Archaeal Rrp4 Exosomes
Archaeoglobus fulgidus (archaea)
RNA plays various roles in biological processes after having been transcripted from DNA. While mRNA is translated into protein, other RNAs such as tRNA, rRNA, and ribozyme themselves work functionally. The RNAs have to be processed to become mature RNAs. The exosome was first identified as a large multisubunit RNase complex which processes rRNA in yeast. Subsequent work identified similar exosomes in archaea and eukaryotes. Functional analysis revealed that exosomes are involved in many other RNA processing or degradation pathways. However, the structural mechanism of exosomes in diverse and selective RNA processing and degradation pathway is still poorly understood.

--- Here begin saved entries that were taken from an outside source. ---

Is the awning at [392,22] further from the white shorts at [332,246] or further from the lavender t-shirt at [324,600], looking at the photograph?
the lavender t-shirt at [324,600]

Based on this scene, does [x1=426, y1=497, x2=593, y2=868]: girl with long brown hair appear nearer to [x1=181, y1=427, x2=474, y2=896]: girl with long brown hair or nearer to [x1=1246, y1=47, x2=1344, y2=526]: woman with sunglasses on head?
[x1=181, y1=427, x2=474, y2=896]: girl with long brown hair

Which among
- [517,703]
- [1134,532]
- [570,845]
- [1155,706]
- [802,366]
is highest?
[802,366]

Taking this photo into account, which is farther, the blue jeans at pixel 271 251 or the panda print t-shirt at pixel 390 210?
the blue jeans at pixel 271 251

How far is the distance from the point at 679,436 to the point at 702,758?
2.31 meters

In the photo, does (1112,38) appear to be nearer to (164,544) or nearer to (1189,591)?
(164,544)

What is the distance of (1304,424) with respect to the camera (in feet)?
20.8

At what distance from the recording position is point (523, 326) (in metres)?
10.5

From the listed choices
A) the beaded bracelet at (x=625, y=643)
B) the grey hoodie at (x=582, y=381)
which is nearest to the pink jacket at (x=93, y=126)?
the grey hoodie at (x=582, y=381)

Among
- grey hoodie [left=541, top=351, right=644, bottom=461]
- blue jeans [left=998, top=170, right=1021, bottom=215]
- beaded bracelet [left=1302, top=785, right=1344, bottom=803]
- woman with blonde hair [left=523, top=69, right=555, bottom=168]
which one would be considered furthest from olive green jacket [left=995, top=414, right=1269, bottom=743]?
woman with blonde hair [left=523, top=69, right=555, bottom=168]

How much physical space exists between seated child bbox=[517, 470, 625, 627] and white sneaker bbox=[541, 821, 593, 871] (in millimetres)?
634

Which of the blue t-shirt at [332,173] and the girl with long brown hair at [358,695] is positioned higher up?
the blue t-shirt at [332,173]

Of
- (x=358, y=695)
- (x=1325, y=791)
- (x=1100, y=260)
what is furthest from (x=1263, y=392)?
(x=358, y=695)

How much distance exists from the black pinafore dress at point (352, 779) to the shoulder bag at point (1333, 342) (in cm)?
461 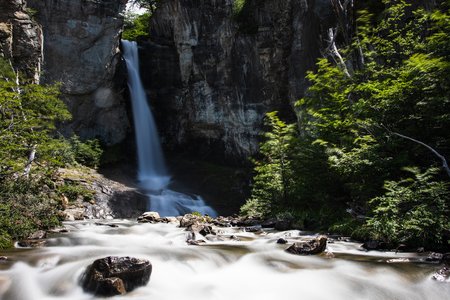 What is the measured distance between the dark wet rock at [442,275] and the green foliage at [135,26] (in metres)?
32.0

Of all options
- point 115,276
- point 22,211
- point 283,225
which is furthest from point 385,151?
point 22,211

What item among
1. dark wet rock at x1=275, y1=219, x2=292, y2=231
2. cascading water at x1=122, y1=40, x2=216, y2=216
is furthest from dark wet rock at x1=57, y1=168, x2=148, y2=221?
dark wet rock at x1=275, y1=219, x2=292, y2=231

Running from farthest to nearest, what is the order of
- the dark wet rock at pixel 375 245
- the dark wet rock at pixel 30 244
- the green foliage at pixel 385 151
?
the dark wet rock at pixel 30 244 → the dark wet rock at pixel 375 245 → the green foliage at pixel 385 151

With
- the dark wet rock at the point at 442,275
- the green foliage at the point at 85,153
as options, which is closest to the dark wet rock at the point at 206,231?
the dark wet rock at the point at 442,275

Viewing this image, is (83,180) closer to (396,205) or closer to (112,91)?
(112,91)

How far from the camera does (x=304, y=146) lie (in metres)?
12.7

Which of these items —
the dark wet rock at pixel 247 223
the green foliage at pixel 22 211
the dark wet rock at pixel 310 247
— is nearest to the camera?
the dark wet rock at pixel 310 247

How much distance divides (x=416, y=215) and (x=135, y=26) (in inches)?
1407

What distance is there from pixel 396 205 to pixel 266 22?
715 inches

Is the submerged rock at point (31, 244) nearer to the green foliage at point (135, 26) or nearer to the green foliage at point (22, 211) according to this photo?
the green foliage at point (22, 211)

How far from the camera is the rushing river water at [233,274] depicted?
5.43 meters

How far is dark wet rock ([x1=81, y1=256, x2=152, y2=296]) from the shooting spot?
5.30 metres

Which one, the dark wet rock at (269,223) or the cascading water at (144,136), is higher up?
the cascading water at (144,136)

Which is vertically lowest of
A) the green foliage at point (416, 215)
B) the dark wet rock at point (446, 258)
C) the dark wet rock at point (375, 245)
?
the dark wet rock at point (375, 245) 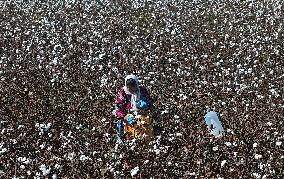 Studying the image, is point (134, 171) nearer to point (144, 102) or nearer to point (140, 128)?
point (140, 128)

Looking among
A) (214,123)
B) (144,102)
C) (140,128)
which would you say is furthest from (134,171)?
(214,123)

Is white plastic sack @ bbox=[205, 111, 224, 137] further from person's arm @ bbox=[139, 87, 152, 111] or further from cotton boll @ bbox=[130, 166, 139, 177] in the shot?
cotton boll @ bbox=[130, 166, 139, 177]

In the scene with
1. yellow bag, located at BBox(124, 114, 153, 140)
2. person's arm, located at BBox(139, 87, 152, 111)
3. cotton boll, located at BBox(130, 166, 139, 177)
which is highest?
person's arm, located at BBox(139, 87, 152, 111)

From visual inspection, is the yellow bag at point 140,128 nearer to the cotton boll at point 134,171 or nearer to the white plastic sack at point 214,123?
the white plastic sack at point 214,123

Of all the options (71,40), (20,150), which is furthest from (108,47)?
(20,150)

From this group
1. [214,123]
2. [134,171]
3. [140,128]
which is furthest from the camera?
[214,123]

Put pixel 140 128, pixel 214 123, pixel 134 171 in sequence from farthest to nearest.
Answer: pixel 214 123
pixel 140 128
pixel 134 171

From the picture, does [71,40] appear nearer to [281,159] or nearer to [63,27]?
[63,27]

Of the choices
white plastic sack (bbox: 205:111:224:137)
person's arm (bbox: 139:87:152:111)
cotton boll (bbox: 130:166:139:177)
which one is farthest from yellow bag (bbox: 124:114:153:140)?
cotton boll (bbox: 130:166:139:177) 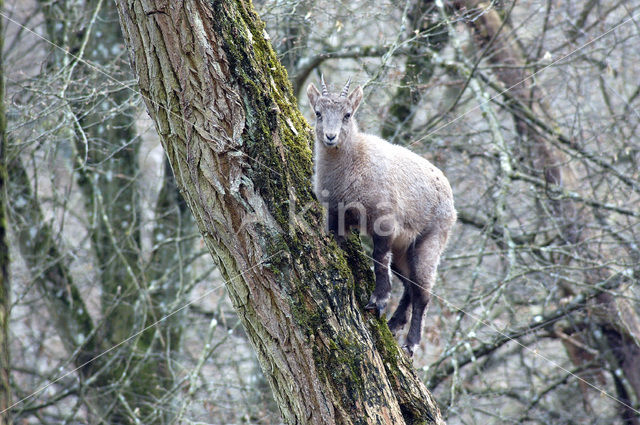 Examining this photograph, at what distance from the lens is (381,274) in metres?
4.98

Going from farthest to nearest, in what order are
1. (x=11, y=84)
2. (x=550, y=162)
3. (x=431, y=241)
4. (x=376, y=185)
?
(x=550, y=162)
(x=11, y=84)
(x=431, y=241)
(x=376, y=185)

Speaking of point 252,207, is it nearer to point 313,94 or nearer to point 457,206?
point 313,94

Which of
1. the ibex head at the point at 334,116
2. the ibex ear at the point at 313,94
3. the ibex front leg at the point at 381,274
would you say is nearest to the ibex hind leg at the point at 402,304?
the ibex front leg at the point at 381,274

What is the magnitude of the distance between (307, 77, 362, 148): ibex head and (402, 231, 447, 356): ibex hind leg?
3.76ft

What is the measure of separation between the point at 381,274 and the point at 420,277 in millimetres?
→ 751

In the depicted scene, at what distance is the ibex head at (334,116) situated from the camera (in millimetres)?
5285

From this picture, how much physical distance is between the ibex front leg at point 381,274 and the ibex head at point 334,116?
2.90 feet

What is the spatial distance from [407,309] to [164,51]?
10.2 ft

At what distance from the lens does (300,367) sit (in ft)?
13.1

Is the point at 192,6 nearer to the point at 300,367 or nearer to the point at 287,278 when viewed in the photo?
the point at 287,278

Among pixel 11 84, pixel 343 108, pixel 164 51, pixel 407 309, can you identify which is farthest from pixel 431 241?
pixel 11 84

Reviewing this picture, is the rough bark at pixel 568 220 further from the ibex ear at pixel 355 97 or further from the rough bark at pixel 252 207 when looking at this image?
the rough bark at pixel 252 207

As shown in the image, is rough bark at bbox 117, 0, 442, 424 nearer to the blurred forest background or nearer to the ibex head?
the ibex head

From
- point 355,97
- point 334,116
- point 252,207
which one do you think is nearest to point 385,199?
point 334,116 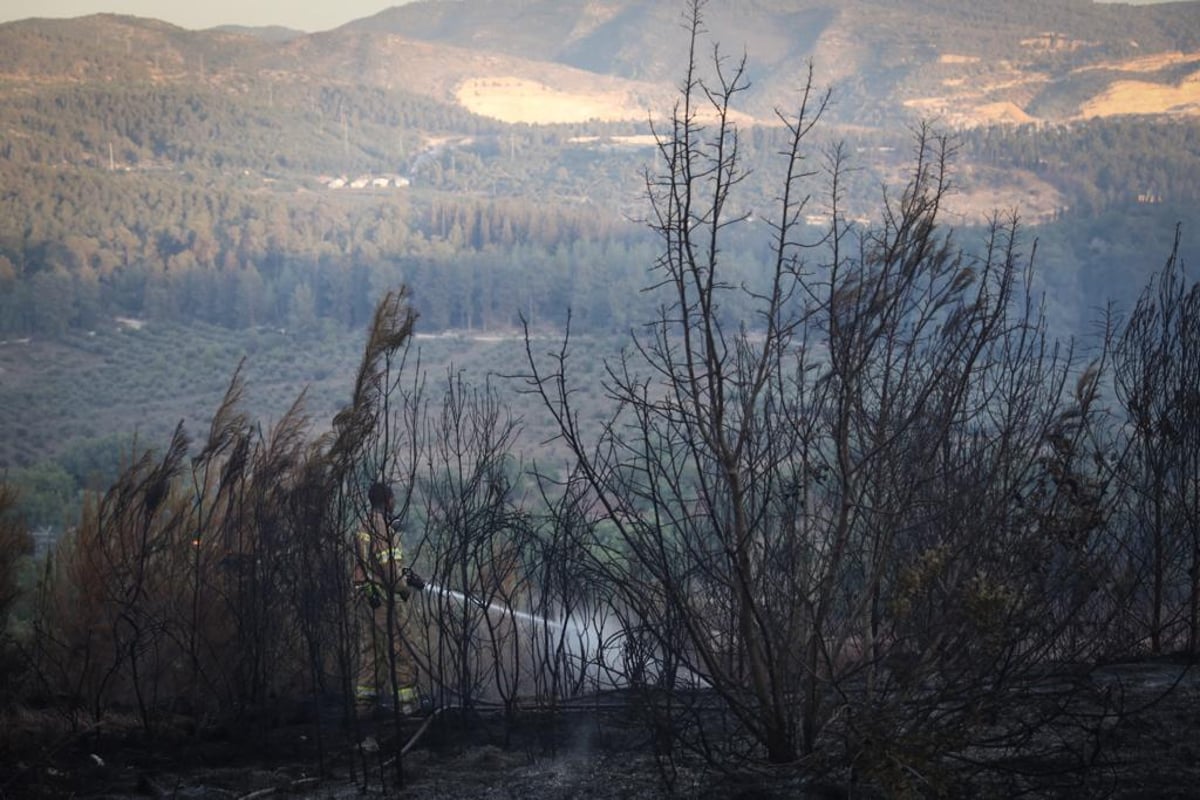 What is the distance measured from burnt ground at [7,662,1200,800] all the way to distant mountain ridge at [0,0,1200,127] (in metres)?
112

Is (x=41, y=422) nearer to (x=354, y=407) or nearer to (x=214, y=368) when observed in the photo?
(x=214, y=368)

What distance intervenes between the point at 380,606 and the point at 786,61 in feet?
510

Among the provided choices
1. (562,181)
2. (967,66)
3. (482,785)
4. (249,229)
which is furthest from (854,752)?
(967,66)

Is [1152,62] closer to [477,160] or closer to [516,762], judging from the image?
[477,160]

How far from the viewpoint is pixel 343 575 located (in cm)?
755

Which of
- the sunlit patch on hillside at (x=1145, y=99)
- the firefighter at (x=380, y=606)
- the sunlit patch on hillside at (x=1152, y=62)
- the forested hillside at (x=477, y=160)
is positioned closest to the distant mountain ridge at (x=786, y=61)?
the sunlit patch on hillside at (x=1145, y=99)

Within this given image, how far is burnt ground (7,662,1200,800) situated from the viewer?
224 inches

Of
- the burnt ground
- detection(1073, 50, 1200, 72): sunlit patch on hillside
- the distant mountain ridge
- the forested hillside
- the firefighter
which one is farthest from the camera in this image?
detection(1073, 50, 1200, 72): sunlit patch on hillside

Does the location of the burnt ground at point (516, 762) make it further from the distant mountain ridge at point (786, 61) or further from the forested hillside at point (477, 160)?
the distant mountain ridge at point (786, 61)

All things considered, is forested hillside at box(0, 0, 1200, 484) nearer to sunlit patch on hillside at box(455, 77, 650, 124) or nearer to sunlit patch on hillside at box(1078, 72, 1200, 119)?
sunlit patch on hillside at box(1078, 72, 1200, 119)

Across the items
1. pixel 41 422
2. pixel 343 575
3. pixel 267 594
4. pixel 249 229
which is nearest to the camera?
pixel 343 575

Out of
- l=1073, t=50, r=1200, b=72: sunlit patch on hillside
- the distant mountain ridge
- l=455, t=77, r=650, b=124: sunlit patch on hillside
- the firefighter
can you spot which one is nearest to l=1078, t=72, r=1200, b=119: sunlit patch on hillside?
the distant mountain ridge

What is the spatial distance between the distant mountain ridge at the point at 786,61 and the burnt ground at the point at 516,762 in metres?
112

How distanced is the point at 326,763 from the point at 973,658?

Buttner et al. reported the crystal structure of nonameric exosome in archaea. The exosome described here is named "Rrp4 exosome" because of its identical subunit, Rrp4. Rrp4 forms flat, trimeric multidomain caps that cover the top face of the Rrp41-Rrp42 complex. Rrp41 and Rrp42 subunits assemble into a hexametric ring, which is called RNase PH domain. RNase PH domain contains a neck (about 10 angstrom pore) and a 3'-5' phosphorolytic active site. The anomalous dispersion data by tungstate, which mimics phosphate, revealed that acidic residues in the Rrp41 pocket at the interface between Rrp41 and Rrp42 are the center of phosphorolytic activity, and the bottom of RNase PH domain forms a pore which leads to the phospho rolytic active site. However, archaeal Rrp4 exosomes do not possess RNase activity in vitro while Arabidosis and yeast Rrp4 exosomes do. Wherefrom the difference derives is still unclear. Rrp4 contains three domains, N-terminal(NT), S1, and KH. The hydrophobic surface of these domains interacts with the hydrophobic surfaces of Rrp41 and Rrp42, which results in the nonameric structure. Rrp4 is considered to be a large platform that recruits RNA substrates and cofactors because of its positive surface potential. Typically, the S1 pore is a good candidate for the RNA binding site because it has the strongest positive potential in Rrp4. The results suggest the RNA degradation mechanism of exosomes. At first, RNA binds to the surface of Rrp4. Then the RNA reaches the phosphorolytic active site via the S1 pore and neck. The pore in the neck is so small that RNA needs to be completely unfolded. In the active site, the 3' region of the RNA is degraded and the degraded fragments exit from the bottom pore. This framework can be a good model for not only the RNA degradation mechanism of eukaryote exosomes, but also the protein degradation mechanism of proteasomes.